- **Material provided**
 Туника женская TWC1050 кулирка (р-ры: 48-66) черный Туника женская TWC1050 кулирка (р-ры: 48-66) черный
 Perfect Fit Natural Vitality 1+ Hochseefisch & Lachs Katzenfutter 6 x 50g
--
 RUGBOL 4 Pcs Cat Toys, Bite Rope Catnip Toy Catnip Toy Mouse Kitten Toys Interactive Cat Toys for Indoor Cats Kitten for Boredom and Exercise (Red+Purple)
---
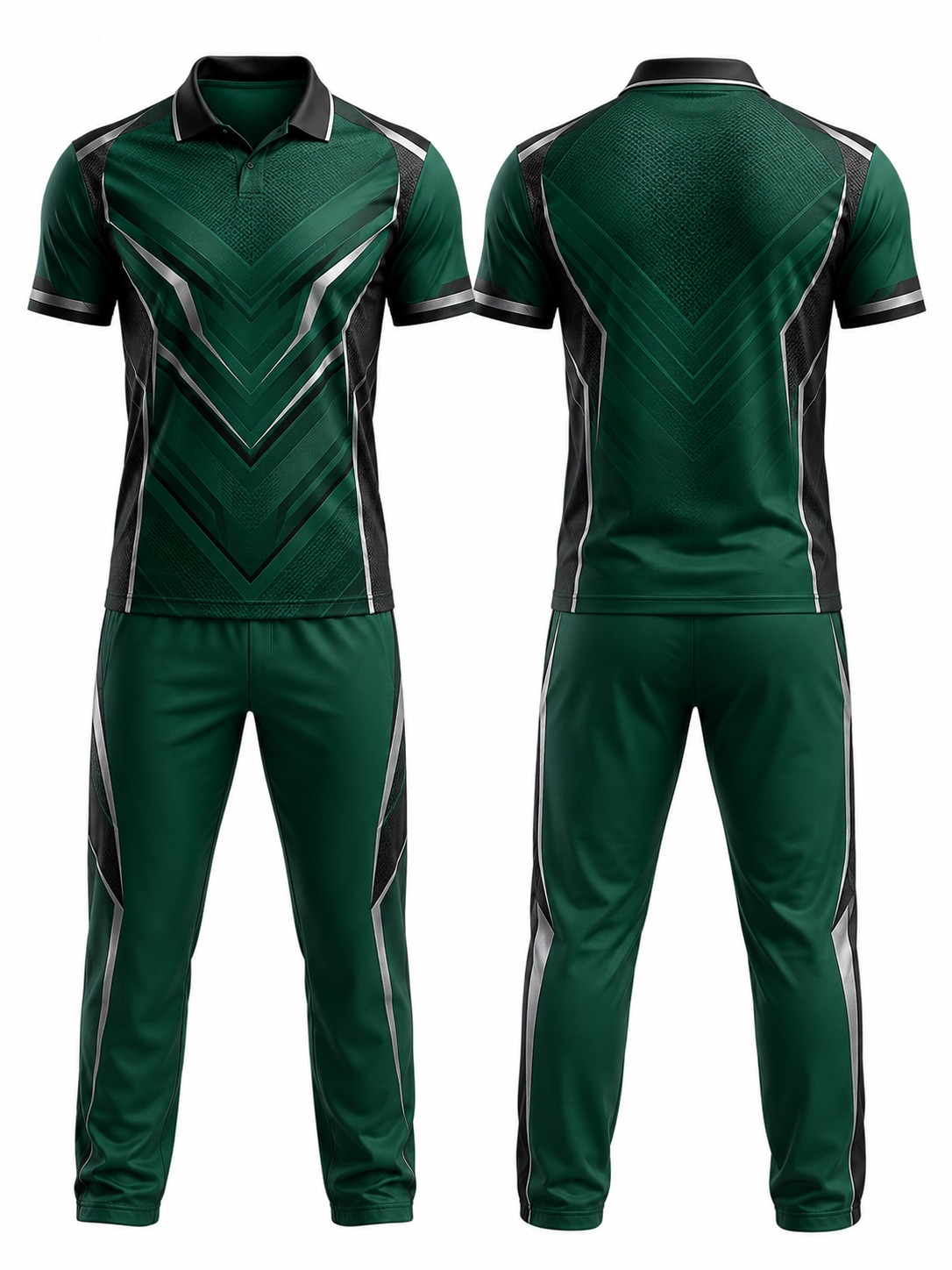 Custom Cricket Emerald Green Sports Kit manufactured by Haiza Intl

- **Your goal**
Write out, from the lines above, only those from the line with "Туника женская TWC1050 кулирка (р-ры: 48-66) черный Туника" to the line with "Perfect Fit Natural", exactly as given, including the first and the last.

- **Answer box**
 Туника женская TWC1050 кулирка (р-ры: 48-66) черный Туника женская TWC1050 кулирка (р-ры: 48-66) черный
 Perfect Fit Natural Vitality 1+ Hochseefisch & Lachs Katzenfutter 6 x 50g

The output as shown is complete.